Wcześniej o warunkach podpisania ewentualnej umowy pokojowej mówił główny ukraiński negocjator Dawid Arachamija.

- Kiedy dojdziemy do podpisania umowy albo do momentu, gdy można będzie ją poważnie omówić, oni (żołnierze rosyjscy – red.) powinni już całkowicie się wycofać. (…) To międzynarodowe zabezpieczenie, nie po prostu nasze żądania czy życzenia, tylko niezbędne warunki, żeby zabezpieczyć robocze podpisanie tego dokumentu - powiedział negocjator w wywiadzie dla portalu RBK-Ukraina.

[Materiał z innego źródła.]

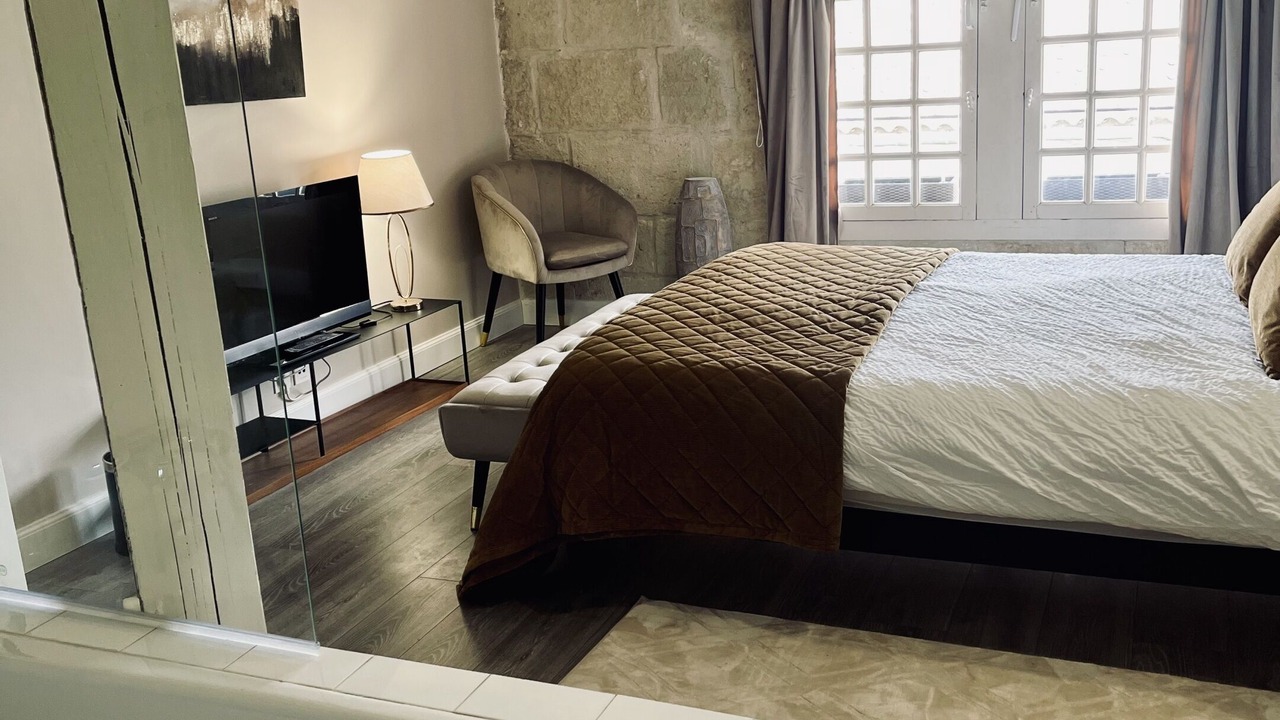 Photo of Bedroom in Aigues-Mortes Medieval City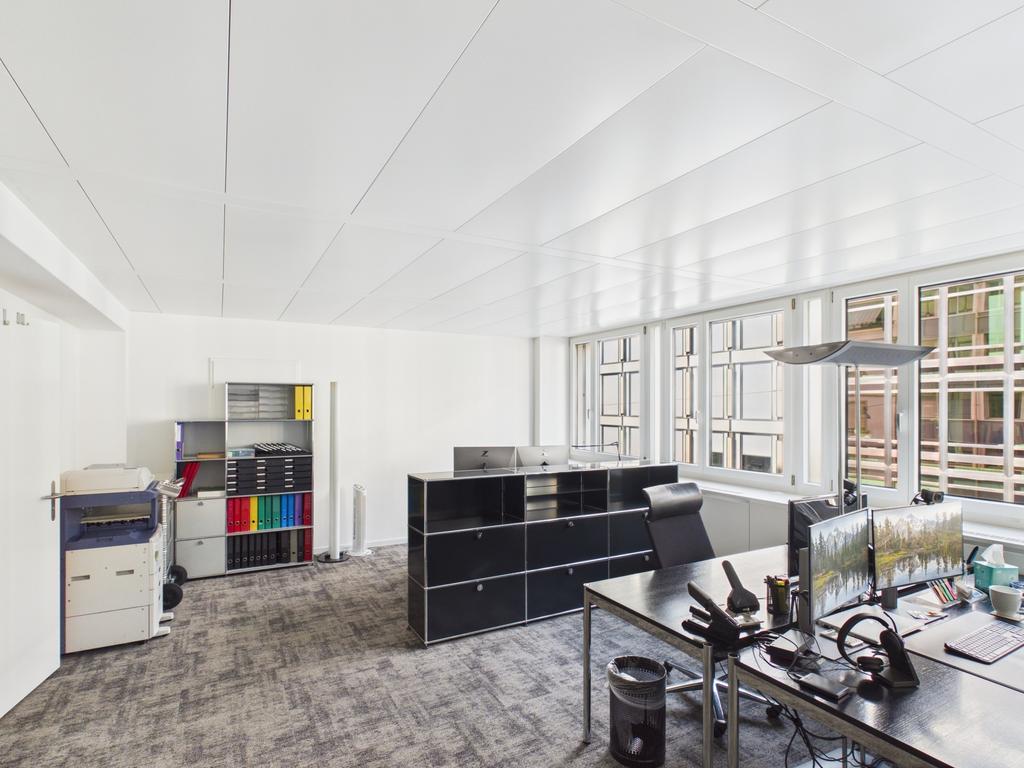 222m² office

Za najtrudniejszą Arachamija uznał kwestie zajętych przez Rosję jeszcze przed 24 lutego Krymu oraz części obwodów ługańskiego i donieckiego, co jeszcze nie było omawiane podczas dwustronnych rozmów. - Dlatego umieściliśmy to od razu w nawiasie do spotkania liderów, a pracowaliśmy we wszystkich innych sprawach - oznajmił.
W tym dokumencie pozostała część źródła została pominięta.